> _GOAL OF THE EXERCISE_
Gather the lines from the material that contain "find".

BEGIN DATA SHOWN

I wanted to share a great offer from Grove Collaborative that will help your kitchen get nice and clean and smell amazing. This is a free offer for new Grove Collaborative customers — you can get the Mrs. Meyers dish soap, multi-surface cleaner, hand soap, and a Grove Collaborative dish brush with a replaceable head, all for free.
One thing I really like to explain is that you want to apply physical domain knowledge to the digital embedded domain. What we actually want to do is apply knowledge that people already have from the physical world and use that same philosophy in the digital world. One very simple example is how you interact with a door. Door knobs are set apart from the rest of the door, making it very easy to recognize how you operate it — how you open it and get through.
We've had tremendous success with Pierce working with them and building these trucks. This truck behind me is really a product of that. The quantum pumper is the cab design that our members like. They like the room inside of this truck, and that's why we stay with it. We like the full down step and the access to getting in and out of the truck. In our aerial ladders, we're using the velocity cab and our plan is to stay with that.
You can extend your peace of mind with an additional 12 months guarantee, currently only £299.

END DATA SHOWN
BEGIN DATA SHOWN

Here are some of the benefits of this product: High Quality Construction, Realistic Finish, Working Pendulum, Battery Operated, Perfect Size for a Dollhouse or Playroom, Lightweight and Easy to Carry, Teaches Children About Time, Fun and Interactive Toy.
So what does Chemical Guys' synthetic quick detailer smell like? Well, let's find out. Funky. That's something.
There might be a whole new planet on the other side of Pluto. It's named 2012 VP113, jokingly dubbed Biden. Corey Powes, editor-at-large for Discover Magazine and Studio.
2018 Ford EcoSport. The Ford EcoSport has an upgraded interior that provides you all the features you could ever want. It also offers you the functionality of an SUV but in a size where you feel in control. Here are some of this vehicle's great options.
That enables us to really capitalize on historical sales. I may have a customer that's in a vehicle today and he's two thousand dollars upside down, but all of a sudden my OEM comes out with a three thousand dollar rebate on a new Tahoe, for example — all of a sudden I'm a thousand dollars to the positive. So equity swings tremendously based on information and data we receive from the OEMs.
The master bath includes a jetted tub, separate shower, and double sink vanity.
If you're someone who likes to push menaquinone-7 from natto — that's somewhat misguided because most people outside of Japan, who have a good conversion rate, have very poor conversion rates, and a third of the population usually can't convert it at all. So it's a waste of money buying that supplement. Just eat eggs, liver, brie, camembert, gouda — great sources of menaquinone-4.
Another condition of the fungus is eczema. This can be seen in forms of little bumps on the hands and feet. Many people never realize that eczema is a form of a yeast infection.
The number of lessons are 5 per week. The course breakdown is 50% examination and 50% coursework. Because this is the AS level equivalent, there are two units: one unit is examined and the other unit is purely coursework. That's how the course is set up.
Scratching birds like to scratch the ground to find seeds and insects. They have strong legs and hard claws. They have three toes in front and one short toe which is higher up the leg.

END DATA SHOWN

> _EXERCISE OUTPUT_
So what does Chemical Guys' synthetic quick detailer smell like? Well, let's find out. Funky. That's something.
Scratching birds like to scratch the ground to find seeds and insects. They have strong legs and hard claws. They have three toes in front and one short toe which is higher up the leg.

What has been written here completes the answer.